A.  Les conclusions de la SPR quant à la crédibilité du demandeur sont-elles raisonnables?

[18]  Le demandeur soutient que les conclusions tirées par la SPR quant à sa crédibilité sont déraisonnables, en ce sens qu’elles sont fondées sur des contradictions mineures. Il plaide également que la SPR n’a pas fourni de motifs clairs et non équivoques pour justifier ses conclusions (Ramirez c Canada (Ministre de la Citoyenneté et de l’Immigration), 166 FTR 158, 1999 CanLII 7827 (CF) au para 3, et qu’elle est tenue de considérer l’ensemble de la preuve, incluant la preuve tendant à démontrer la situation prévalant en Réplique démocratique du Congo. À cet égard, le demandeur s’appuie sur l’affaire Manickan c Canada (Citoyenneté et Immigration), 2006 CF 1525 [Manickan], qui énonce au paragraphe 3 « qu’une conclusion d’absence de crédibilité n’empêche pas qu’une personne soit admise comme réfugiée si d’autre preuves satisfont à la fois à la composante subjective et à la composante objective du critère applicable à la reconnaissance du statut de réfugié ». Étant donné que la SPR ne l’a pas fait, il affirme que c’est, en soit, suffisant pour renverser la décision.

[19]  Il soutient également que la SPR ne peut tirer des conclusions de crédibilité qui ne reposent sur aucun élément de preuve et qui sont fondées sur des conjectures ou qui donnent lieu à des inférences injustifiées (Afonso c Canada (Citoyenneté et Immigration), 2007 CF 51 au para 26).

[20]  Le demandeur soutient que la SPR a erré en tirant ses conclusions relatives à son rôle au sein de la LUCHA, au fait qu’il n’a pas inclus l’adresse où il se cachait dans son formulaire, à l’oubli de l’envoi de l’avis de convocation et à la force probante accordé au carte de membre.

[21]  En ce qui concerne le rôle du demandeur dans la LUCHA, il prétend qu’il n’y a pas de contradiction dans la preuve.
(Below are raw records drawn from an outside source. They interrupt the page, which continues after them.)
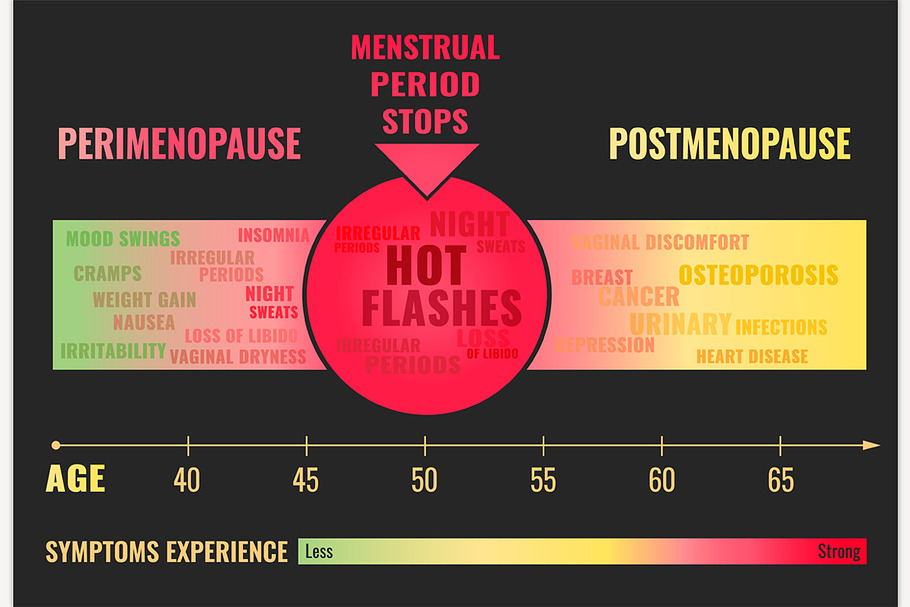 Stages of Menopause Poster in Illustrations - product preview 8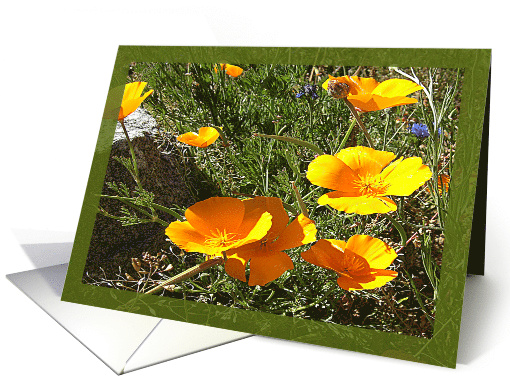 THANK YOU Sunny California Poppies card (519911)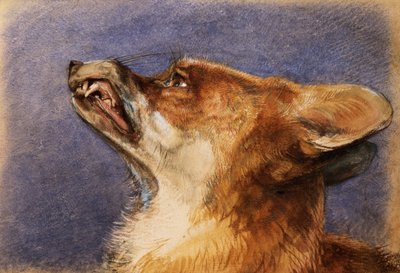 Hoved af en ræv af John Frederick Lewis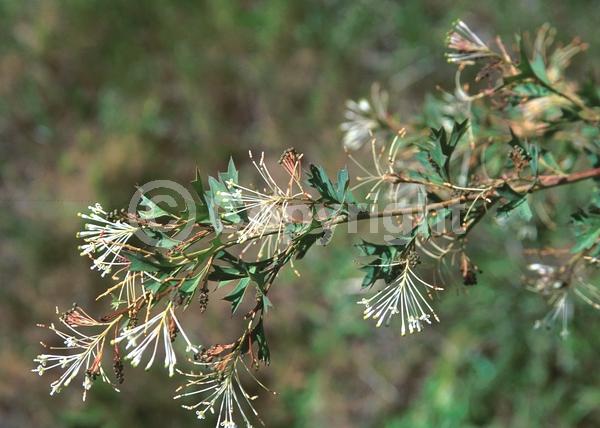 Red blooms; Pink blooms; Evergreen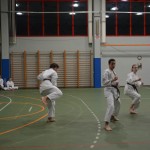 Shinkai klub - Božičnica 2016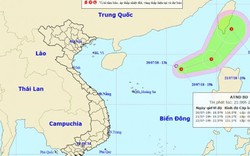 Bão Sơn Tinh vừa qua, Biển Đông lại xuất hiện áp thấp nhiệt đới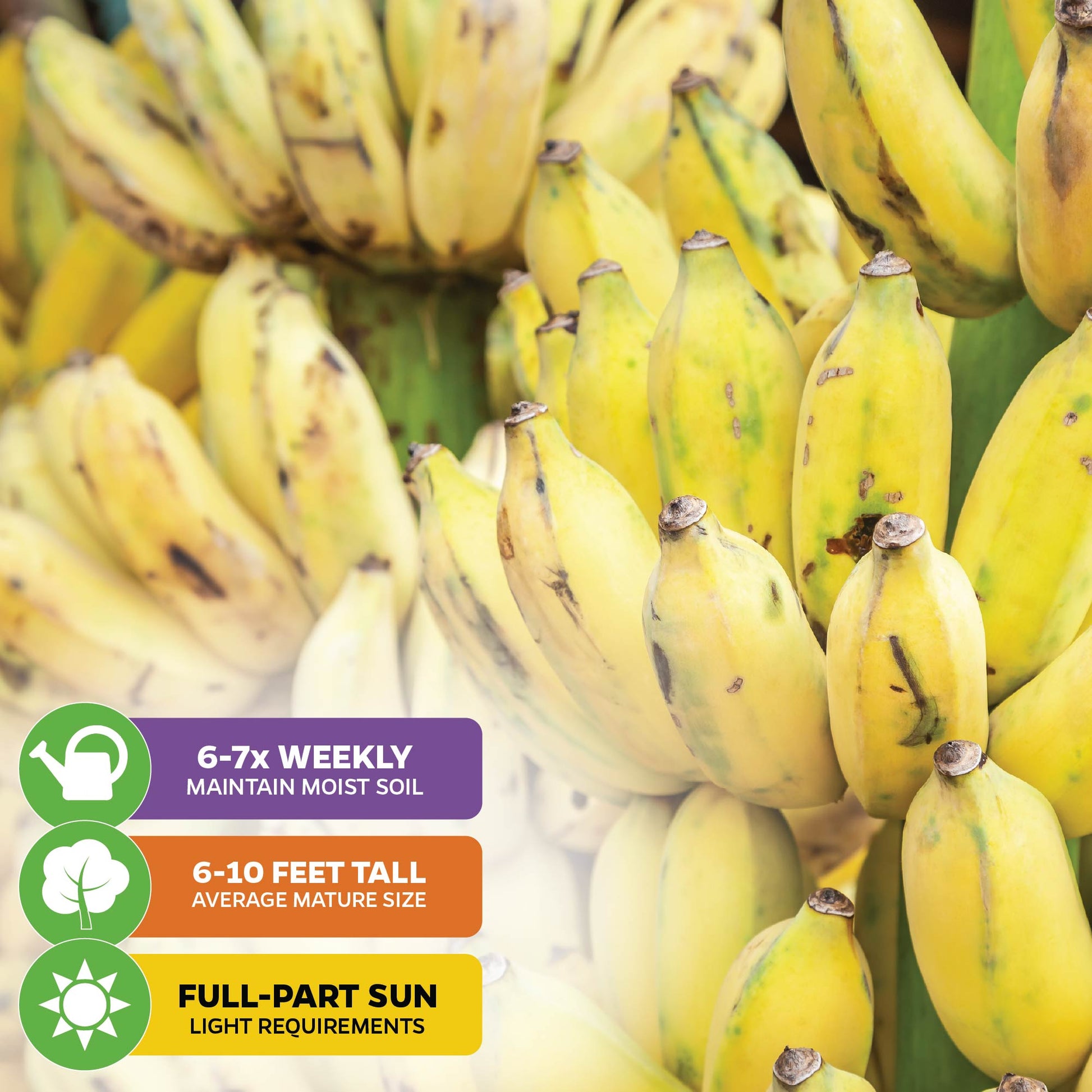 Dwarf Namwa Banana (Thai Pisang Awak) - Musa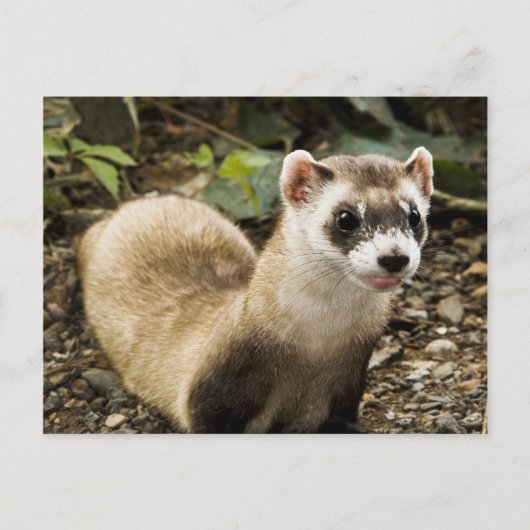 Carte Postale Ferret à pied noir (Devant)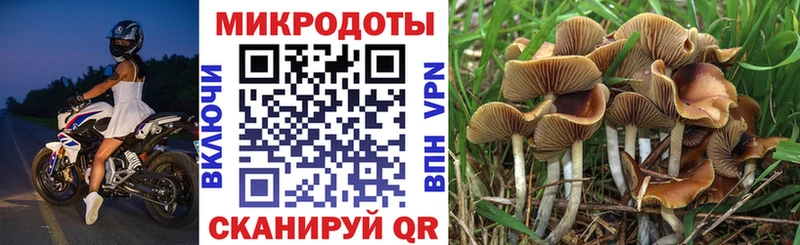 shop как зайти Краснокаменск Галлюциногенные грибы Magic Shrooms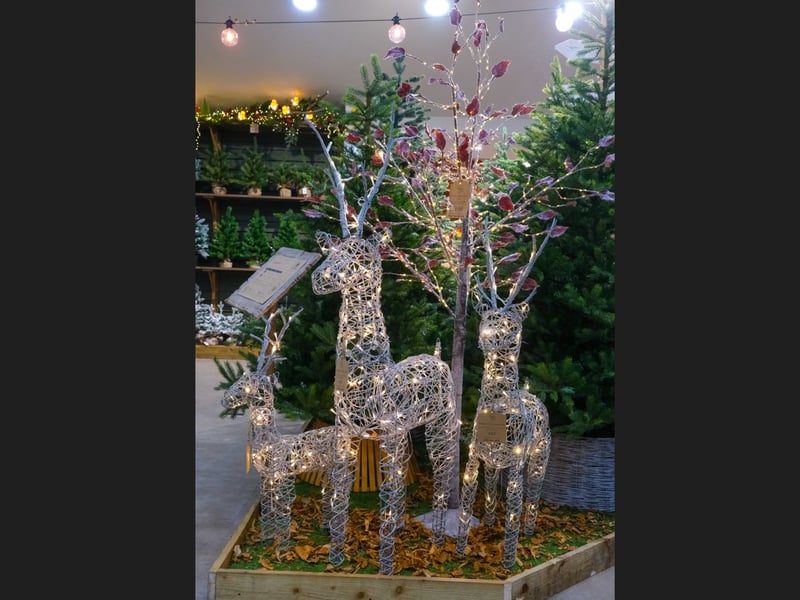 These reindeer figures form part of the Christmas display at Wentworth Garden Centre. Photo: Dean Atkins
Le demandeur a expliqué pourquoi il a indiqué être militant à partir de juin 2017 sur son formulaire FDA, plutôt qu’à partir du 2 mai 2016, la date sur sa carte de membre de la LUCHA. Il était membre plus tôt, participant aux manifestations, mais a seulement commencé à militer sur le terrain, avec une présence soutenue aux réunions de l’organisation et à ses campagnes, dont en posant des affiches, à partir de juin 2017. Selon le demandeur, la SPR a mal compris ses explications. Il ajoute que, contrairement à ce que prétend la SPR, les détails qu’il a fournis concernant ses activités dans la LUCHA étaient suffisants, considérant son poste et la durée de son implication. Il a expliqué avoir contacté des gens en faisant du bouche à oreille, avoir posé des affiches et avoir parlé discrètement aux gens.
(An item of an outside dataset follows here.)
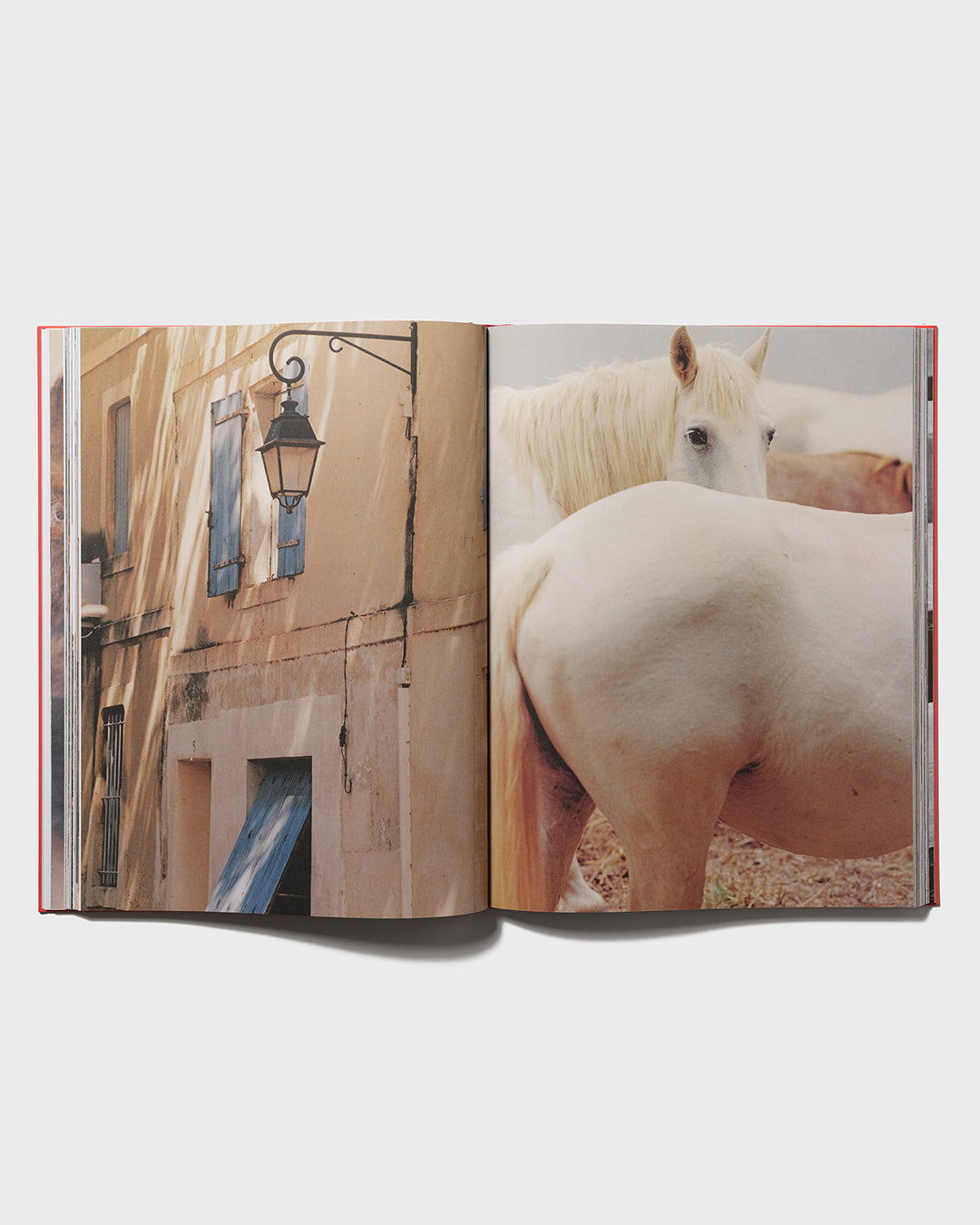 Tirage "Saintes-Maries-de-la-Mer" et livre La Camargue-9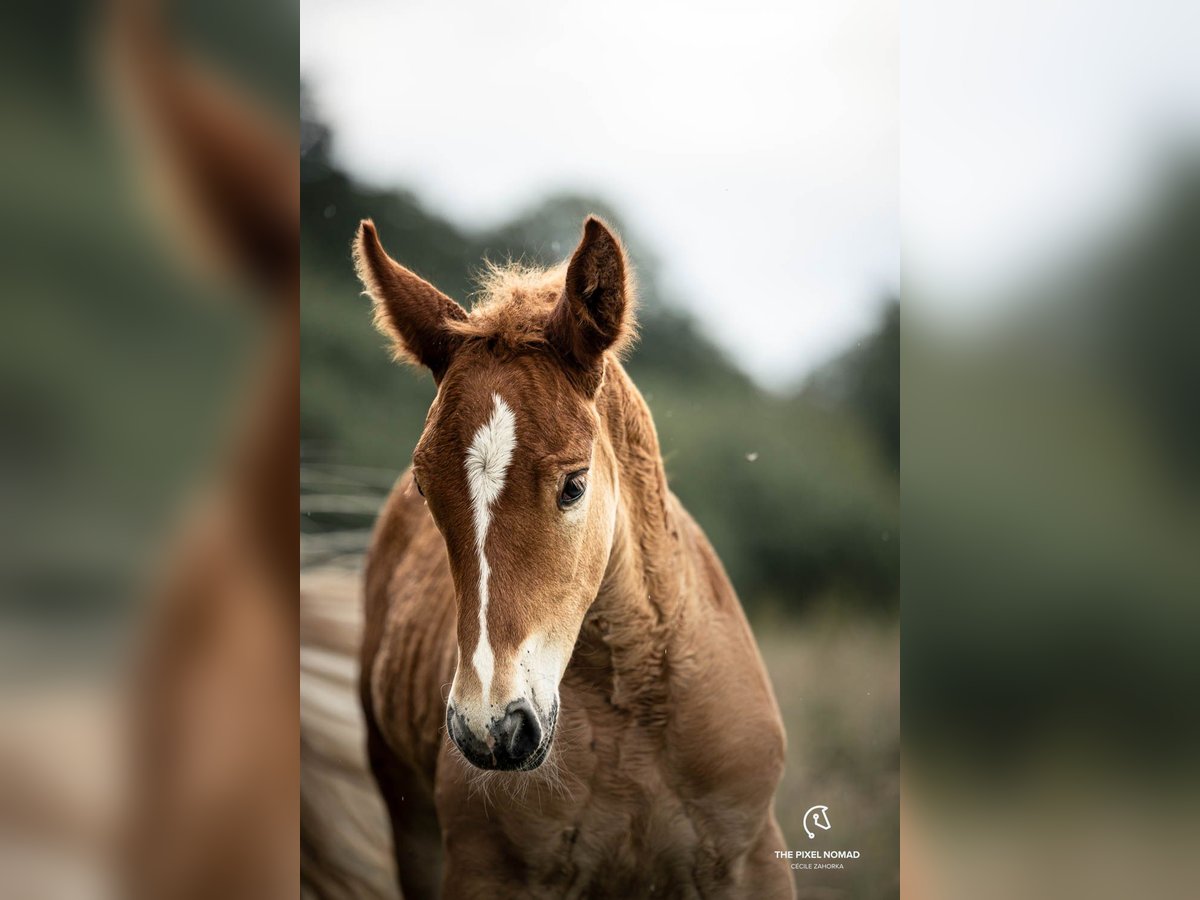 Schleswig Stallion Foal (05/2024) 15,2 hh Chestnut-Red in Warder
[22]  Concernant le fait qu’il ait omis d’indiquer l’adresse de l’endroit où il s’est caché sur son formulaire FDA, le demandeur ne le nie pas. Par contre, il plaide qu’il a fourni l’explication à la SPR selon laquelle l’Annexe A avait été soumise au même moment que son formulaire FDA qui lui fait mention du fait qu’il se soit réfugié chez un ami de son père. Il soutient ainsi qu’il était déraisonnable pour la SPR de conclure que cette omission mine sa crédibilité, étant donné qu’il croyait devoir indiquer uniquement ses adresses permanentes à l’Annexe A.

[23]  Le demandeur soutient que l’envoi d’un avis de convocation chez ses parents n’équivaut pas à être arrêté ou recherché pour une infraction. L’avis indiquait seulement qu’il devait se présenter à la police. Ce n’était donc pas une contradiction de répondre par la négative à la question de savoir s’il avait été arrêté par la police à l’Annexe 12. Il ajoute que sa réponse constitue une indication de son interprétation de la question, qui se reflète d’ailleurs dans le titre de cette question même : « Arrestations et infractions criminelles ».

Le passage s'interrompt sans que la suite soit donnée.